Новый этап в развитии художественного языка Грицюка и появление в его творчестве произведений на политические темы совпадает с переменами в жизни советского общества в конце 1960-х гг. Рубежным для художника можно считать 1968 год – год, переломный как для отечественной истории, так и для истории позднесоветского искусства. В 1968 году произошло несколько ключевых событий: «Процесс четырех» (один из известных политических процессов против диссидентов; событие, на которое ученые новосибирского Академгородка откликнулись письмом о нарушении гласности в ходе судебного процесса (см.: [Чупринин, 2020, с. 1094-1096])), «Пражская весна» и последовавшее после нее вторжение советских войск в Чехословакию. Изменения в жизни советского общества повлияли и на художественную среду, о чем вспоминает Эрик Булатов: «И вот к концу 1960-х – началу 1970-х созревает насущная потребность: рассказать об этом времени, в котором мы живем; сказать что-то, не стесняясь себя и своего плохого, неправильного языка.
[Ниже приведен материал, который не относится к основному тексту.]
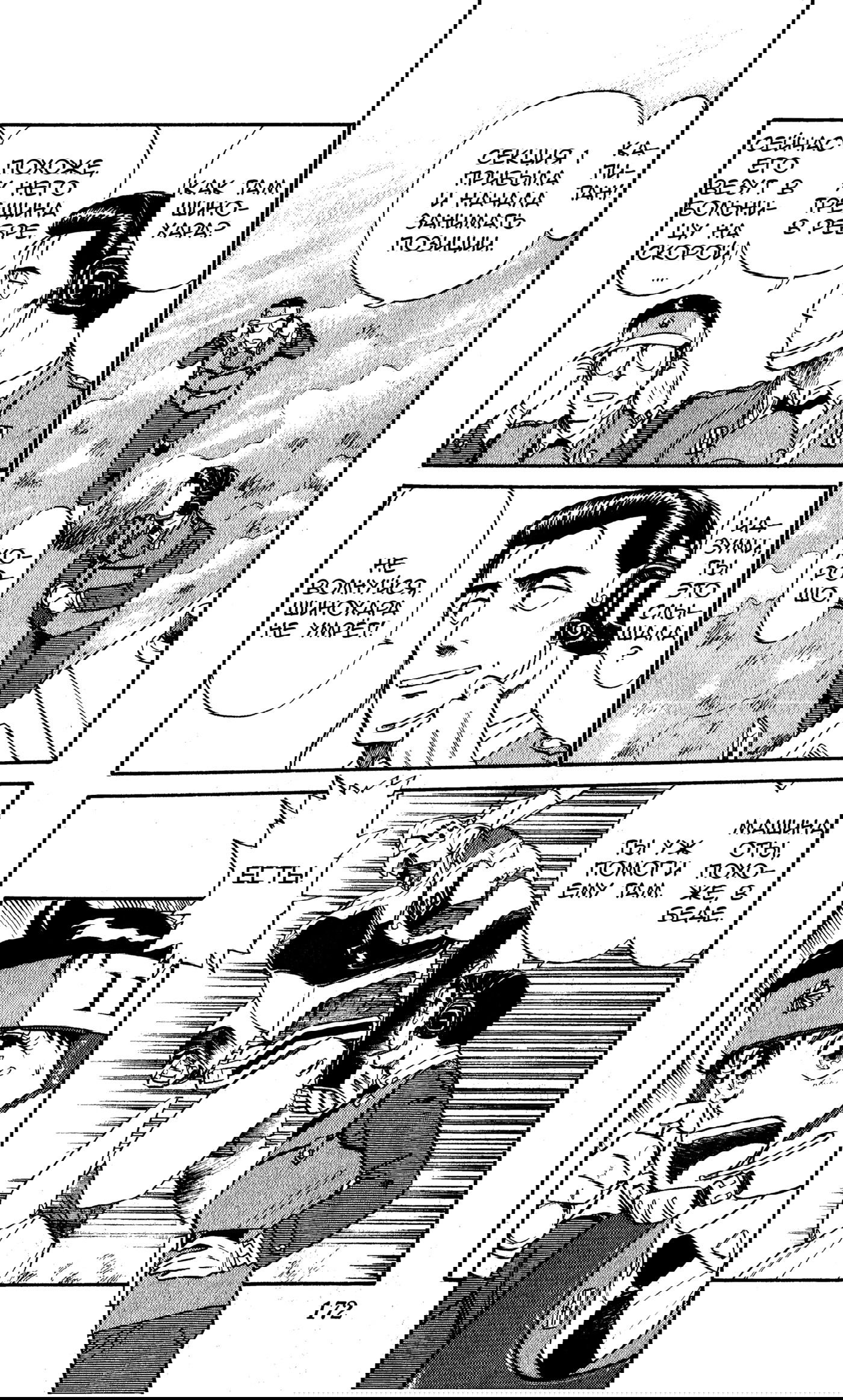 Манга Мобильная полиция Patlabor - Глава 511 Страница 4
На этом неуклюжем языке я всем же могу сказать что-то важное, рассказать о себе, своем советском времени, своей жизни, какая она есть» [Булатов, 2010, с. 49].

Потребность высказаться на «неправильном» языке о себе и о своем времени назрела и у Грицюка. В конце 1960-х – начале 1970-х гг. в его творчестве происходят изменения не только в пластической и эстетической плоскости (от полунатурных собирательных пейзажей-ассоциаций Грицюк после 1965 года переходит к абстрактной отвлеченности и активному фантазированию), но и в плоскости тематической, и даже сюжетной. Художника начинают интересовать исторические события своего времени. В.С. Манин приводит в качестве примера такой трансформации листы «Вьетнам» (1970) и «Памяти погибших космонавтов» (1974) [Манин, 1987]. При этом искусствовед не раскрывает и глубоко не исследует появившуюся в творчестве Грицюка политическую тему, концентрируясь преимущественно на его формальных экспериментах в решении фантастического образа города.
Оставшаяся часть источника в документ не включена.